There really isn’t much Fred or Marshawn or anyone else can tell Rawls about playing the position, because Rawls plays without conscious thought — or regard to his health.

“I play off of instinct and I just play my game,” Rawls said regarding whether he’ll avoid some contact to preserve his body. “As I’m out there, I’m not thinking a lot. I don’t think at all. I just go out there and play my game and do what’s best for the team. So if that’s making plays, if that’s going down, which I’ll probably try not to do. But it all depends on the flow of the game.”

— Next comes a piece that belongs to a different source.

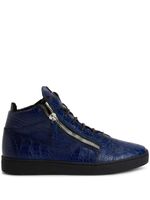 Giuseppe Zanotti baskets Kriss à effet peau de crocodile - Bleu - thumbnail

Rawls, a Flint, Michigan native who is making his hometown proud, will get his next chance to get in the flow of the game against the Steelers, a team that 10 years ago beat Seattle for a Super Bowl played in Michigan — with another Michigan native at running back for Pittsburgh. With Rawls suddenly getting so much national publicity, coach Pete Carroll wanted to be sure the rookie is ready to go.

“I visited with him about [the attention],” Carroll told reporters on Friday. “He seemed very squared away. Not wanting to change anything about how he prepares and his habits and things like that. I thought it was worth talking to him about since it was such a shift. That’s hard on anybody.”

Rawls has been hard on defenses this year, and the Steelers are about to get a taste of what the guy whose name wasn’t called during the draft can do.